Test plan: pytest -s -vv tests/v1/tpu/test_basic.py -k test_gemma3_with_mm_on_multichip 2>&1 | tee ~/out.txt
👋 Hi! Thank you for contributing to the vLLM project.
💬 Join our developer Slack at https://slack.vllm.ai to discuss your PR in #pr-reviews, coordinate on features in #feat- channels, or join special interest groups in #sig- channels.
Just a reminder: PRs would not trigger full CI run by default. Instead, it would only run fastcheck CI which starts running only a small and essential subset of CI tests to quickly catch errors. You can run other CI tests on top of those by going to your fastcheck build on Buildkite UI (linked in the PR checks section) and unblock them. If you do not have permission to unblock, ping simon-mo or khluu to add you in our Buildkite org.
Once the PR is approved and ready to go, your PR reviewer(s) can run CI to test the changes comprehensively before merging.
To run CI, PR reviewers can either: Add ready label to the PR or enable auto-merge.
🚀
cc: @bvrockwell @yarongmu-google
Somehow, I still couldn't see my TPU CI running (Is it because all the tests are run in sequence and a CI before the TPU CI gets stuck and blocks the TPU CI?) nor could I start the TPU CI myself (The "Run TPU V1 Tests" button is gray.)
The failing CI seems to have the symptom of timeout. I don't see why my PR would cause that.

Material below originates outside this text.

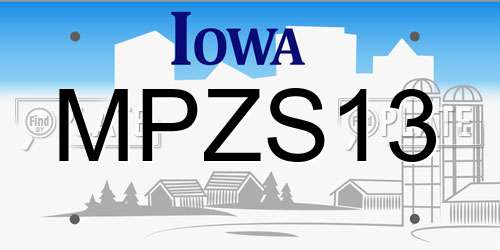 MPZS13 Iowa License Plate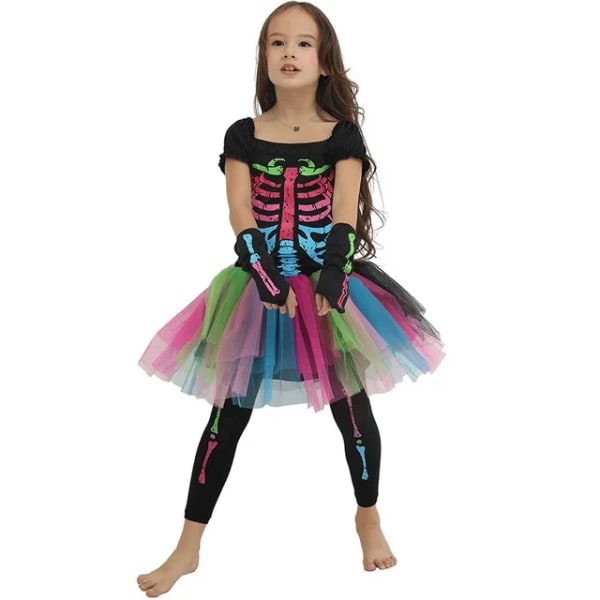 Eraspooky Funky Punky Bones Tutu Dress Halloween kostym För Familj Vuxen/Barn Skelett Jumpsuit Party Grupp Fancy Dress Girls One Size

I retried the failing tests, but I think we can merge ignoring those timeouts
Thanks @mgoin . I also did some check on my a100 VM. For the 2 failing tests:
- VLLM_USE_V1=1 pytest -s -vv tests/mq_llm_engine/test_error_handling.py::test_mp_crash_detection: it fails on the main branch (4c33d6732148fdaeb9780fa86fca1f87f2a93c19)
- VLLM_USE_V1=1 pytest -s -vv tests/v1/engine/test_engine_core_client.py -k test_startup_failure: it succeeds on my branch xiowei/gemma3-27b-multi-chip
Could you help merge the PR? Thanks!
Nice improvement and TPU V1 test is green!